Entscheidungsstichwort (Thema)
Kindergeld. Ausbildungsbeihilfe. Zuschuß von Förderungseinrichtungen. monatlich gezahltes Büchergeld
Orientierungssatz
Bei einem von der Studienhilfe monatlich gezahlten Büchergeld in Höhe von 150,00 DM handelt es sich um eine Ausbildungshilfe iS des § 2 Abs 2 S 3 BKGG. Der vom Gesetzgeber gewählte Begriff der "Ausbildungshilfe" macht deutlich, dass darunter nicht nur Hilfen für den allgemeinen Lebensunterhalt zu fassen sind, sondern ebenso auch pauschale Zuwendungen für sonstige Ausbildungszwecke. Etwas anderes könnte nur dann gelten, wenn das Büchergeld ausdrücklich für ausbildungsfremde Zwecke gewährt würde.
Tatbestand
Der Kläger wendet sich gegen die rückwirkende Aufhebung einer Kindergeld(Kg)-Bewilligung sowie gegen die daraus hergeleitete Rückforderung der Beklagten.
Sein Stiefsohn O., geboren 1971, begann zum Wintersemester 1992/1993 ein Studium an der Universität H.. Mit Bescheid vom 21. September 1992 bewilligte der Beklagte Kg von Oktober 1992 bis (vorerst) September 1995.
Im Dezember 1993 enthielten sämtliche Bezüge-Abrechnungen des Beklagten im Hinblick auf die vorgesehenen Änderungen des Bundeskindergeldgesetzes (BKGG) ab 01.01.1994 den Hinweis: "Kinderbezogene Bezügeteile ab 01.01.1994 unter Vorbehalt". Außerdem erhielten die Bezügeempfänger im Dezember 1993 ein Informationsblatt, in dem es u.a. wie folgt heißt: "Der Bundestag hat Ende Oktober 1993 ein 1. Gesetz zur Umsetzung des Spar-, Konsolidierungs- und Wachstumsprogramms beschlossen, das ab Januar 1994 zu Einschränkungen beim Kg führt ... Die wesentlichsten Änderungen des Kg-Rechts entnehmen Sie bitte aus dem folgenden Abschnitt II ...

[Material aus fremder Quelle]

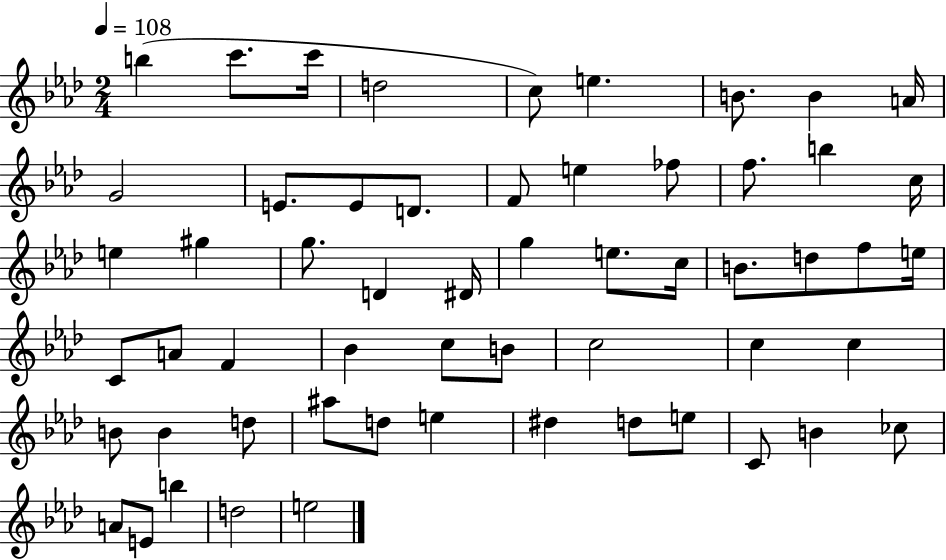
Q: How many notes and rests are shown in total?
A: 57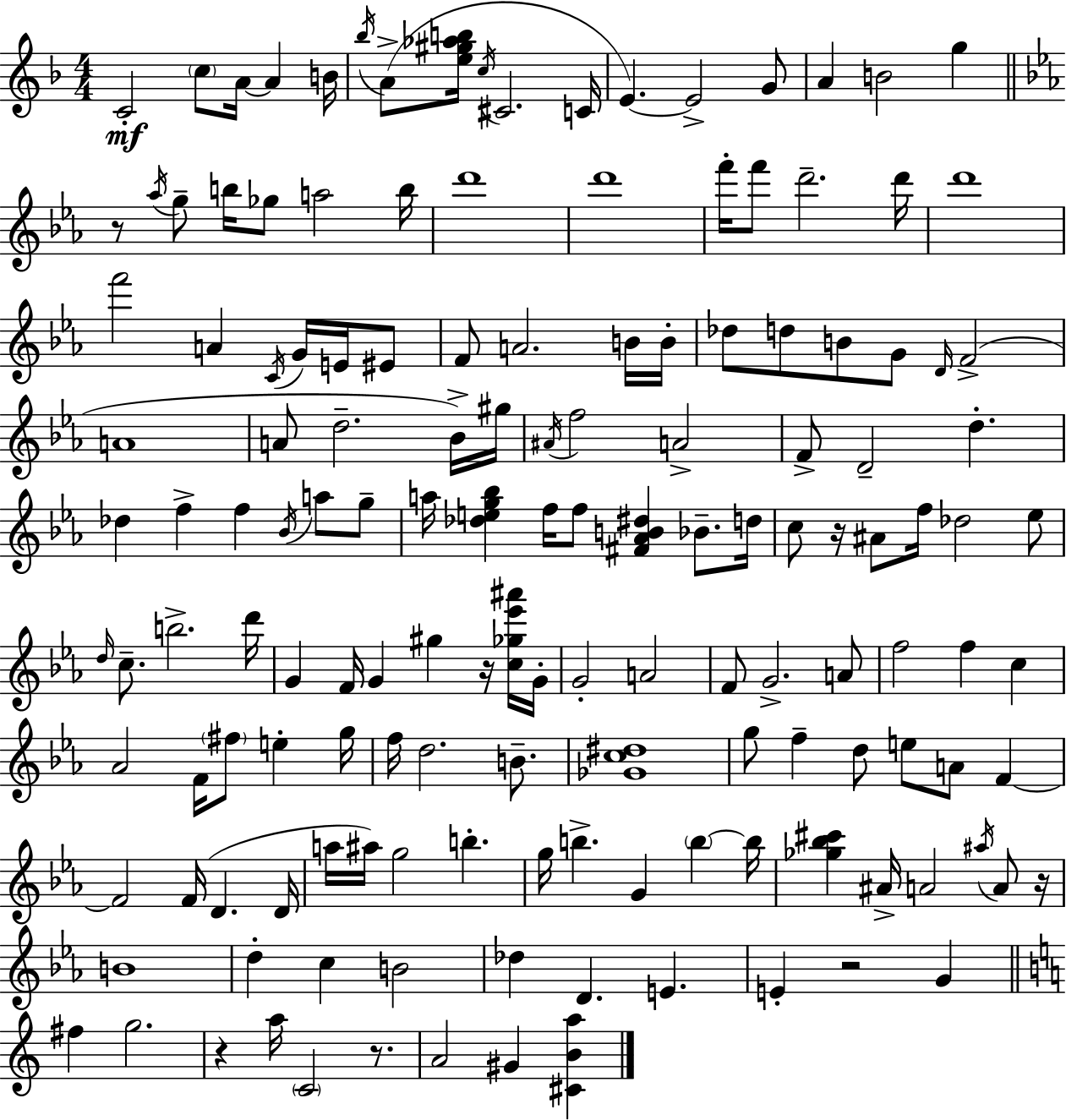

Kein Kindergeld bei bestimmten Einkünften eines Kindes, das das 16. Lebensjahr vollendet hat. ...
Künftig: ... Leistungen nach dem Bundesausbildungsförderungsgesetz (BAföG) und andere Stipendien aus öffentlichen Kassen sind kindergeldschädlich, wenn der Zuschußbetrag 610,-- DM im Monat erreicht; Darlehen werden allerdings nicht angerechnet. ... Im Hinblick auf das noch nicht abgeschlossene Gesetzgebungsverfahren und die ggf auf Grund der Änderungen noch erforderlichen Erhebungen zusätzlicher persönlicher Sachverhalte bei Ihnen und ggf bei einem anderen Kg-Bezieher werden das Kg und die kindergeldabhängigen Bezügebestandteile ... in den vorgenannten Fällen ab Januar 1994 bis auf weiteres unter dem Vorbehalt der Rückforderung gezahlt. Auf den Vorbehalt in Ihrer Bezügeabrechnung für den Monat Dezember 1993 bzw. in Ihrem Bewilligungsbescheid für Kg, Kinderanteile im Ortszuschlag etc wird besonders hingewiesen. Sie werden darauf hingewiesen, dass sie danach zuvielgewährte Beträge nach Überprüfung zurückzahlen müssen und sich insbesondere nicht auf den Wegfall der Bereicherung berufen können. In diesen Fällen ergehen zu gegebener Zeit besondere Rückforderungsbescheide bzw. -mitteilungen.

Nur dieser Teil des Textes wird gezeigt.